セックスレスに陥っている夫婦は不和を抱えていることが多く、単純にセックスレスだけが離婚の原因ではないことが実情でしょう。
とはいえ、セックスレスが夫婦関係に重大な影響を与え得ることも事実です。
この記事では、セックスレスが離婚事由となり得るのか、また、セックスレスを理由とした慰謝料請求が成り立ち得るのかについて解説をいたします。
2 セックスレスは離婚事由になる?
まずはじめに、「セックスレスはそもそも離婚事由となるのか?」について解説します。
民法770条1項には、次の5つの離婚事由が定められています。
① 配偶者に不貞な行為があったとき。
② 配偶者から悪意で遺棄されたとき。
③ 配偶者の生死が三年以上明らかでないとき。
④ 配偶者が強度の精神病にかかり、回復の見込みがないとき。
⑤ その他婚姻を継続し難い重大な事由があるとき。
セックスレスという事情は、明らかに①~④には該当しません。
該当し得るとすれば、⑤「その他婚姻を継続し難い重大な事由があるとき。

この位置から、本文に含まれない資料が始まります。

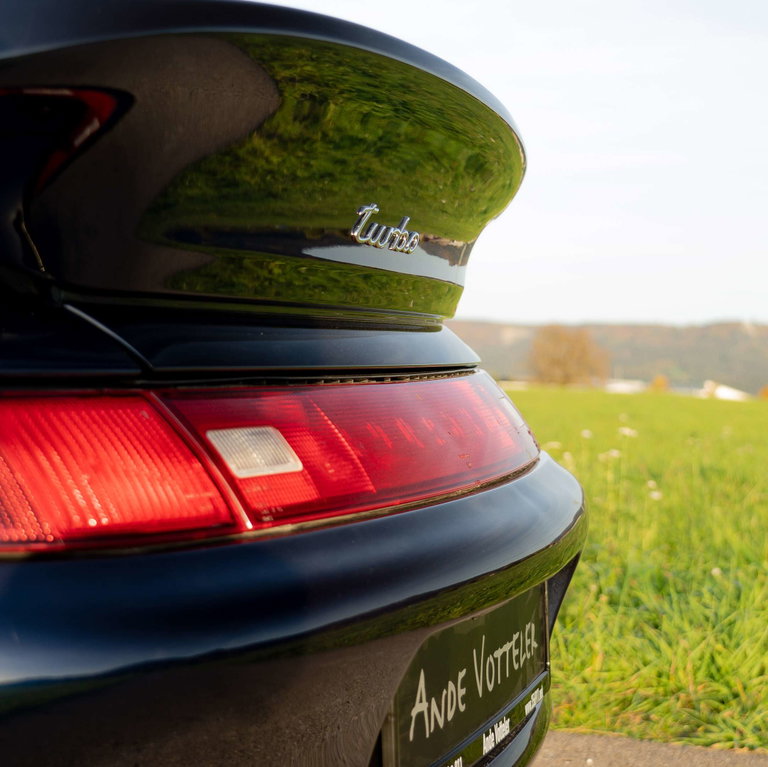 Porsche 993 Turbo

」です。
この点に関しては、最高裁判例(最大判昭和62年9月2日・民集41巻6号1423頁)に参考になる指摘があります。
上記最高裁判例では、「婚姻の本質は、両性が永続的な精神的及び肉体的結合を目的として真摯な意思をもつて共同生活を営むことにあるから、夫婦の一方又は双方が既に右の意思を確定的に喪失するとともに、夫婦としての共同生活の実体を欠くようになり、その回復の見込みが全くない状態に至つた場合には、当該婚姻は、もはや社会生活上の実質的基礎を失つているものというべき」と述べられています。
つまり、「肉体的な結合」(性行為)は、精神的な結合と並んで夫婦の本質であるということです。
そうしますと、セックスレス、つまり肉体的結合を欠く状態が継続した場合、夫婦の本質が失われ、「婚姻を継続し難い重大な事由」が認められる可能性があるということになります。
以上のことから、「セックスレスが離婚事由になり得る」という一般論に関しては、あまり異論は見られません。
3 セックスレスを理由とした慰謝料請求はできる?
では、セックスレスを理由に離婚を求めるにとどまらず、配偶者に対して慰謝料請求をすることはできるのでしょうか?
慰謝料請求が認められるためには、配偶者に有責性(不法行為該当性)がなければなりません。
要するに、「セックスに応じないことは不法行為である」といえなければならないのです。
これは、「セックスレスを理由に離婚を求めることができるか」という問題よりもハードルの高い問題です。
この点について過去の裁判例をみますと、実際にセックスレスを理由に慰謝料請求を認めた事案がいくつか存在します。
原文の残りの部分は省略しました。